> **Raw data**:
*** Block opens ***

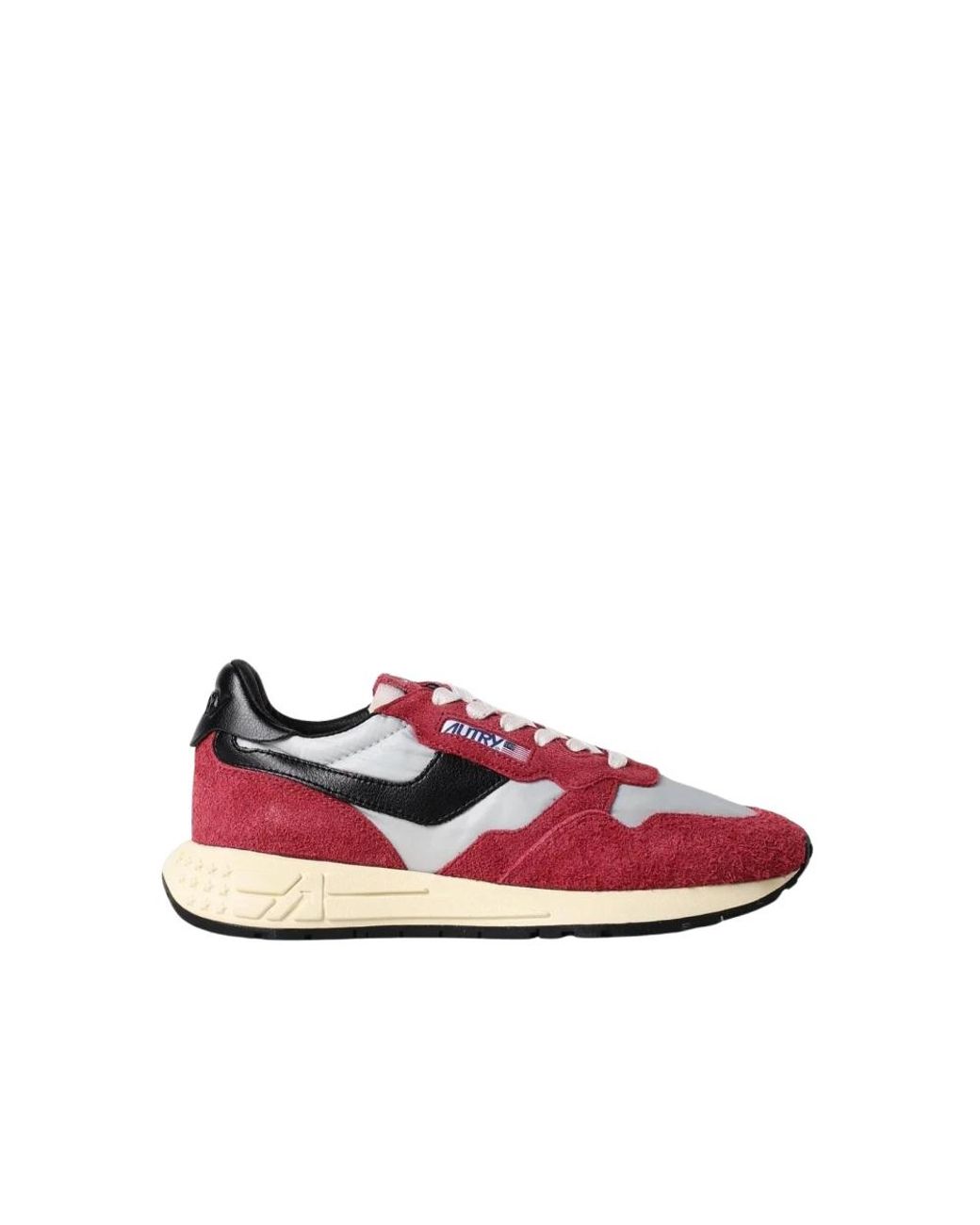Autry Pink Sneakers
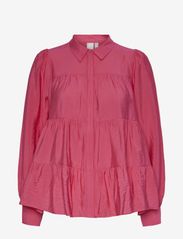YAS - YASPALA LS SHIRT S. NOOS - long-sleeved blouses - raspberry sorbet - 0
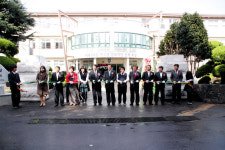 위미중 교명·교가·교훈석 제막식 가져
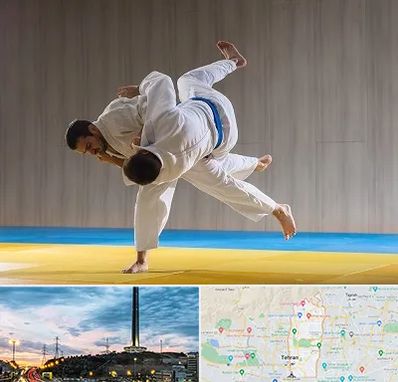 باشگاه جودو در منطقه 2 تهران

*** Block closes ***

> **Exercise prompt**:
Write the lines out word for word, starting at the one with "YAS - YASPALA" and stopping after the last line of the material above, with pictures excluded.

> **Answer space**:
YAS - YASPALA LS SHIRT S. NOOS - long-sleeved blouses - raspberry sorbet - 0
 위미중 교명·교가·교훈석 제막식 가져
 باشگاه جودو در منطقه 2 تهران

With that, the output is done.